** Records follows **
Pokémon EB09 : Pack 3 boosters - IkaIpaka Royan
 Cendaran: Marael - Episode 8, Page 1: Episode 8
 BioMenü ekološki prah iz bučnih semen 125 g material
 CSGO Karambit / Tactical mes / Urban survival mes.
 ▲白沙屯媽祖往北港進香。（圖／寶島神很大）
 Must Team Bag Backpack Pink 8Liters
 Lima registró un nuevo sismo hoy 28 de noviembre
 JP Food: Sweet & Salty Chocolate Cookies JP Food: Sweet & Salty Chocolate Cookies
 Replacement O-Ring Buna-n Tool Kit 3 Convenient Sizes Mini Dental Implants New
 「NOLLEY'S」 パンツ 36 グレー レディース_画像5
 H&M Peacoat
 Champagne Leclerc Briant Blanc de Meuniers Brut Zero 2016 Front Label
** End of Records **
**Work required:** Everything in the data must be repeated exactly; leave no line out.

**Answer space:**
Pokémon EB09 : Pack 3 boosters - IkaIpaka Royan
 Cendaran: Marael - Episode 8, Page 1: Episode 8
 BioMenü ekološki prah iz bučnih semen 125 g material
 CSGO Karambit / Tactical mes / Urban survival mes.
 ▲白沙屯媽祖往北港進香。（圖／寶島神很大）
 Must Team Bag Backpack Pink 8Liters
 Lima registró un nuevo sismo hoy 28 de noviembre
 JP Food: Sweet & Salty Chocolate Cookies JP Food: Sweet & Salty Chocolate Cookies
 Replacement O-Ring Buna-n Tool Kit 3 Convenient Sizes Mini Dental Implants New
 「NOLLEY'S」 パンツ 36 グレー レディース_画像5
 H&M Peacoat
 Champagne Leclerc Briant Blanc de Meuniers Brut Zero 2016 Front Label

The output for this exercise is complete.